- Santa Apolonia Location within Guatemala
- Coordinates: 14°47′N 90°58′W﻿ / ﻿14.783°N 90.967°W
- Country: Guatemala
- Department: Chimaltenango

Area
- • Total: 37 sq mi (96 km^{2})

Population (2022)
- • Total: 23,751
- Time zone: UTC+6 (Central Time)
- Climate: Cwb

= Santa Apolonia, Chimaltenango =

Santa Apolonia is a municipality in the northern part of Chimaltenango department of Guatemala. Santa Apolonia is bordered by the towns of Tecpán to the west and south, San José Poaquil to the east and San Juan Comalapa to the southeast. The geographical extension of the town is 96 square kilometers (37 mi²).
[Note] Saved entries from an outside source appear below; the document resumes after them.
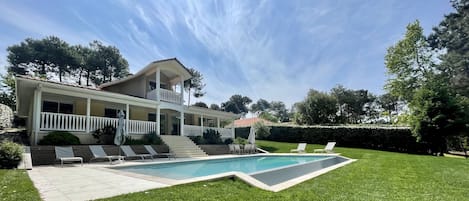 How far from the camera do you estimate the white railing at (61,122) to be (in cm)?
1266

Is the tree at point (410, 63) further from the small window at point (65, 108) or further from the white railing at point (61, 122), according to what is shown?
the small window at point (65, 108)

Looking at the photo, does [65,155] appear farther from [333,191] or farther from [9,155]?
[333,191]

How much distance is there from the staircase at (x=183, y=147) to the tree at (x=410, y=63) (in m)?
24.6

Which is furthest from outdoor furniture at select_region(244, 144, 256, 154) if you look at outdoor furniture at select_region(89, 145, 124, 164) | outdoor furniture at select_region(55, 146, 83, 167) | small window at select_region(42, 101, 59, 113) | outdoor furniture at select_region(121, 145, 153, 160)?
small window at select_region(42, 101, 59, 113)

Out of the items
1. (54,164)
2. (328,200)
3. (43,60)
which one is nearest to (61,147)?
(54,164)

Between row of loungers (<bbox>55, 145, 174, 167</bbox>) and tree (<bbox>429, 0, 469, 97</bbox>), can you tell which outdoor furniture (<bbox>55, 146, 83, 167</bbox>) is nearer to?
A: row of loungers (<bbox>55, 145, 174, 167</bbox>)

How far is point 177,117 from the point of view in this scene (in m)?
23.1

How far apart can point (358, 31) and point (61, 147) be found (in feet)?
64.9

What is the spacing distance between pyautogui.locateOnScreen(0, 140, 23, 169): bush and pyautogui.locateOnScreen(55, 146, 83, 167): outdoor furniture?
1.60 metres

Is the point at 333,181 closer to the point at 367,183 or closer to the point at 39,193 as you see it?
the point at 367,183

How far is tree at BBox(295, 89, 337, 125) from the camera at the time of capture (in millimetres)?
40500

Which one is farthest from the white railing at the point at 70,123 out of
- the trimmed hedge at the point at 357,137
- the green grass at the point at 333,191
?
the trimmed hedge at the point at 357,137

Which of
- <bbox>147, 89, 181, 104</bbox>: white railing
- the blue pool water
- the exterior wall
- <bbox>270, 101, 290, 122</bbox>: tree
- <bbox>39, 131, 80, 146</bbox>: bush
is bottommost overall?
the blue pool water

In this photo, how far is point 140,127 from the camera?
1672cm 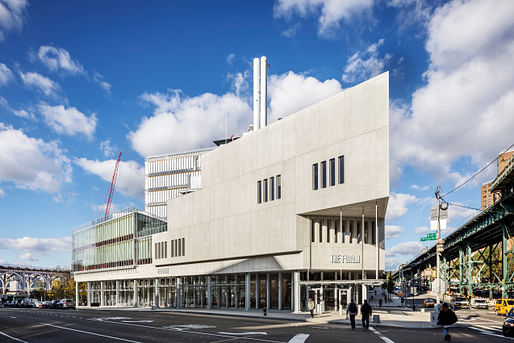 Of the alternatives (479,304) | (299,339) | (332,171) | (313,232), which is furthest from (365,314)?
(479,304)

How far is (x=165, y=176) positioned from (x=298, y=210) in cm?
8559

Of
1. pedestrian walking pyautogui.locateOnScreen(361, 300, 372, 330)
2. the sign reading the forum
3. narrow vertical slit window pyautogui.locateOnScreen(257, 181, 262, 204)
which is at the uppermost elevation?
narrow vertical slit window pyautogui.locateOnScreen(257, 181, 262, 204)

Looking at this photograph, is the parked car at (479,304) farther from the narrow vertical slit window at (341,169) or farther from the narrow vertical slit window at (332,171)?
the narrow vertical slit window at (341,169)

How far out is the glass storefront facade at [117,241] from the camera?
8400 cm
Santa Apolonia is well known for its handicrafts, particularly its earthenware pottery, although this tradition has been in decline for the past few decades. The typical indigenous blouse, or hüipil, of the town is a simple white cotton cloth with partial multichromatic embroidery patterns (pink, green, yellow, etc.). The skirt, or corte, is a navy blue with white stripes.

According to the 2002 Census, the town's population was 13,595. Officially, 81% of its population is of Maya origin although Census figures pertaining to ethnicity are highly contested. The indigenous people of Santa Apolonia predominantly pertain to the Kaqchiquel ethnic/linguistic group and some estimate informally that more than 90% of town residents speak the Maya Kaqchikel language, the third most spoken indigenous language in the country. 76.8% of inhabitants are classified as poor and 19.5% as extremely poor (the highest level in the department). According to the UNDP, the Human Development Index for the town was 0.491 in 2002, up from 0.387 in 1994, but still the lowest among all municipalities in the department. 81.4% of the population is rural.
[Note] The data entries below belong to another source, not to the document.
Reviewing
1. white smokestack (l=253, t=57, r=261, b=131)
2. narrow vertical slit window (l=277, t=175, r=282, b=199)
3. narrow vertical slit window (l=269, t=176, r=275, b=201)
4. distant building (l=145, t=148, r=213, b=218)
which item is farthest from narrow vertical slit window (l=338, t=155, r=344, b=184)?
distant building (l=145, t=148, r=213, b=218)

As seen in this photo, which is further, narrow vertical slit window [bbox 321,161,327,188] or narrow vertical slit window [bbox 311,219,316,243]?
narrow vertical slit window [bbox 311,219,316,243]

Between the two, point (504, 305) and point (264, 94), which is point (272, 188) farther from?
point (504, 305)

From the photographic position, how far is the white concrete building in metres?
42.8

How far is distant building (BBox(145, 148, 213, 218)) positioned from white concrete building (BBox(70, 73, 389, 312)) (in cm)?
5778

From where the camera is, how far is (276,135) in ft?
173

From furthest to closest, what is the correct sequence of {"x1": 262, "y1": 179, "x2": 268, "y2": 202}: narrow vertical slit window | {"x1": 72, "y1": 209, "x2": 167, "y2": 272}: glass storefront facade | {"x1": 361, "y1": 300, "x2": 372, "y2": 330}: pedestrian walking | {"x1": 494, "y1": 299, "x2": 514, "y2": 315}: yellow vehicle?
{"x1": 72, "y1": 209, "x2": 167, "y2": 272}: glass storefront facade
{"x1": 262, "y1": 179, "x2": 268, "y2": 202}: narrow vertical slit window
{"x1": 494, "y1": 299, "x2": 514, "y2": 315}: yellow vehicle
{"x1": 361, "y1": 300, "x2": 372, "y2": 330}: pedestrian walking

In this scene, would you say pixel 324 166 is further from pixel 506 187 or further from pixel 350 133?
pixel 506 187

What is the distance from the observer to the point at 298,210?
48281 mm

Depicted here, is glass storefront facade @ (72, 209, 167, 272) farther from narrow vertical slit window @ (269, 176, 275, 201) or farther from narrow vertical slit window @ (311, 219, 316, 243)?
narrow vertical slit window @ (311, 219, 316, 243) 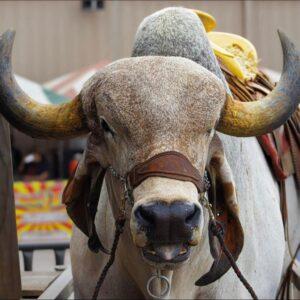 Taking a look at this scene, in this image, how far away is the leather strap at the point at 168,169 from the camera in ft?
7.89

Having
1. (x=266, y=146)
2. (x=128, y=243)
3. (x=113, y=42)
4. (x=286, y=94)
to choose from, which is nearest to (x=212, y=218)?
(x=128, y=243)

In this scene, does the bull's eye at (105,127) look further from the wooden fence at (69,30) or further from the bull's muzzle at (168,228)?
the wooden fence at (69,30)

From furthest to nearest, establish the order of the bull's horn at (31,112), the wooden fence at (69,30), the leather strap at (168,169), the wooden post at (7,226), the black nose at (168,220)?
the wooden fence at (69,30) → the wooden post at (7,226) → the bull's horn at (31,112) → the leather strap at (168,169) → the black nose at (168,220)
The region is prone to frosts during the winter months and has also been affected by heavy rainfall from tropical storms and hurricanes, including Mitch in 1998 and Stan in 2006.
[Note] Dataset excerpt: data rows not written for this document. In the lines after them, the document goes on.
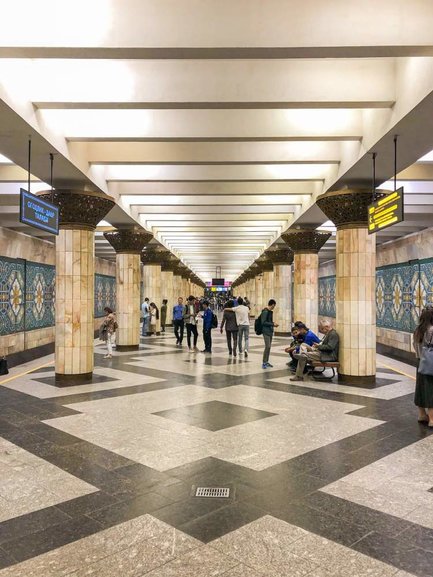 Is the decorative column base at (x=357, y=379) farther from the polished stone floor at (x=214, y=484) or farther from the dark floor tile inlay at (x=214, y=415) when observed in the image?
the dark floor tile inlay at (x=214, y=415)

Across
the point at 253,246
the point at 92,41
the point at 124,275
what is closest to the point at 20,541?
the point at 92,41

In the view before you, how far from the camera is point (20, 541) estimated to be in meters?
2.98

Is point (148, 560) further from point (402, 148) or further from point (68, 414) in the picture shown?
point (402, 148)

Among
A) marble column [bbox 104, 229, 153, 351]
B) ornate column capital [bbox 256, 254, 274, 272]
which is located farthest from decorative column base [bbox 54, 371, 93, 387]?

The principal staple crops of the area are maize and black beans. Commercially, snow peas are produced for export to markets in North America and Europe. The region produces various other horticultural products, including carrots, onions and tomatoes, as well as fruits, such as peach, passion fruit (granadilla), and soursop (anona).

The elevation at the town's center is 2,200 meters (7,200 ft) and the town is characterized by a variety of micro-climates ranging from semi-tropical to very cold.